# Free RCI Membership for purchases anymore?



## MuranoJo (Jan 21, 2011)

Someone on another forum was asking if free RCI memberships are given out any longer for purchases of SA.  I'm just not sure, so thought I'd ask here.  I kinda think this was just a temporary offer when the market was so hot.

I have membership until Sept. 2025 due to two inexpensive purchases back in '03 or so, so that's pretty sweet.


----------



## retailman (Jan 21, 2011)

This was done by brokers six or seven years ago to drum up interest in
South Africa. It must have worked; alot of people bought one, including
myself.


----------



## MuranoJo (Jan 21, 2011)

Retailman, hope you got a nice long membership.  
There have obviously been ups and downs with SA over the years, but this is certainly a nice bennie we can keep--membership fees aren't cheap and can add up over the years.


----------



## martyap (Jan 23, 2011)

*Finally sold my Durban Sands*

I think these days it might be the reverse......free SA week with every RCI membership purchased  Herb, may he rest in peace, really but a great deal together years back! 

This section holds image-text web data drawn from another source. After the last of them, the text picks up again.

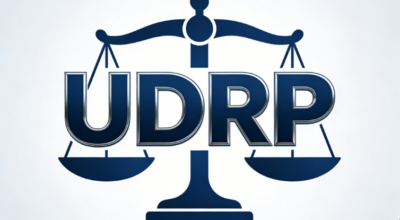 Rams.com UDRP：Los Angeles Rams' Appeal Rejected, John Berryhill MVP once again!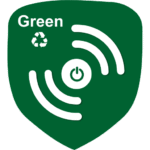 24clan VPN Green Unlocked Mod Apk 1.3 24clan VPN Green Unlocked Mod Apk 1.3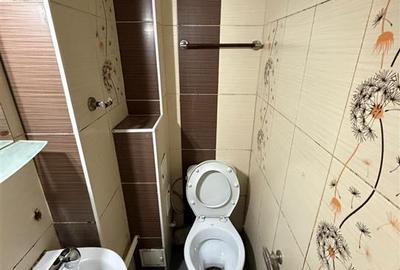 Apartament 2 Camere Tatarasi Fara Risc - 3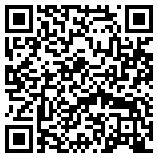 QR Code for Badke Construction in Surrey, ND 58785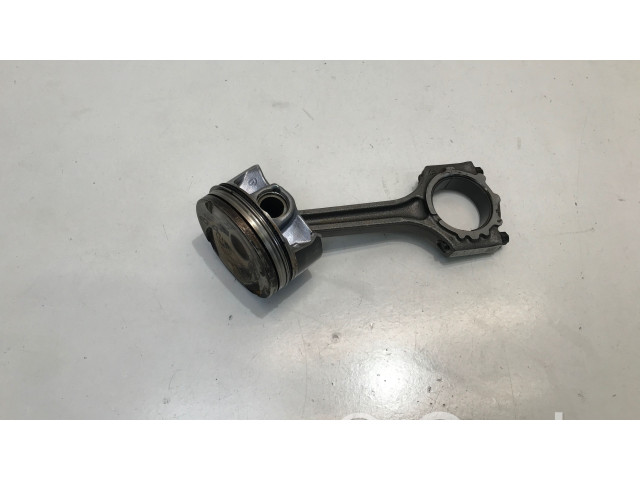 Ojnice  3300400    Hyundai i20 (BC3 BI3)  1.0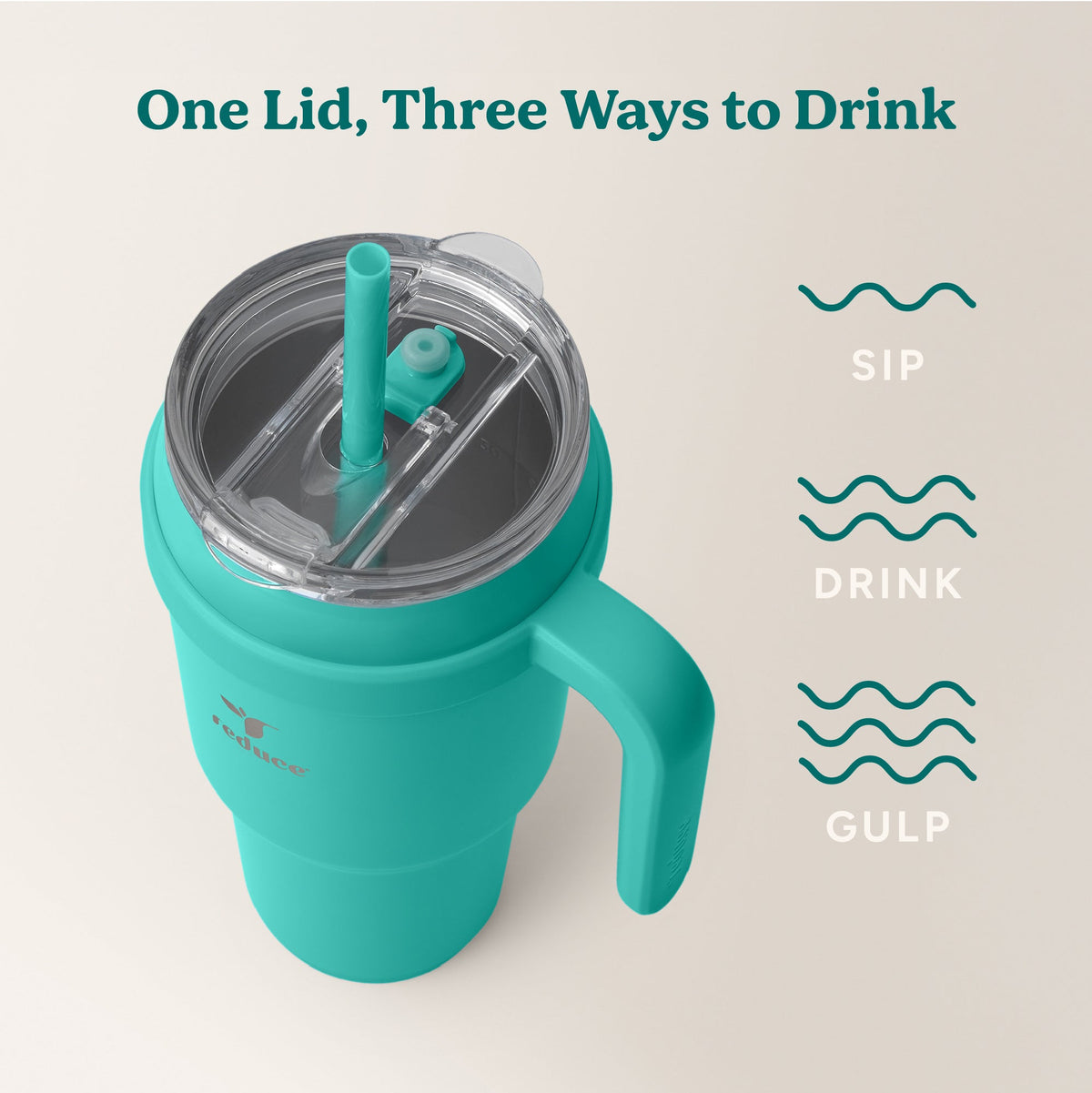 cold1-40-oz-x0 Cold1_40oz_OceanBreeze_Infographic_3.jpg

I finally found a way to sell my DS weeks to South Africans (as per First Resorts new rules) and make a few $$$.


----------



## MuranoJo (Jan 23, 2011)

Marty, 

Can you share or PM?  Also, what week did you have and was it peak?
Thx.


----------



## bigrick (Jan 24, 2011)

martyap said:


> I think these days it might be the reverse......free SA week with every RCI membership purchased  Herb, may he rest in peace, really but a great deal together years back!
> 
> *I finally found a way to sell my DS weeks to South Africans (as per First Resorts new rules) and make a few $$$.*



What's the scoop?  A PM works for me too.


----------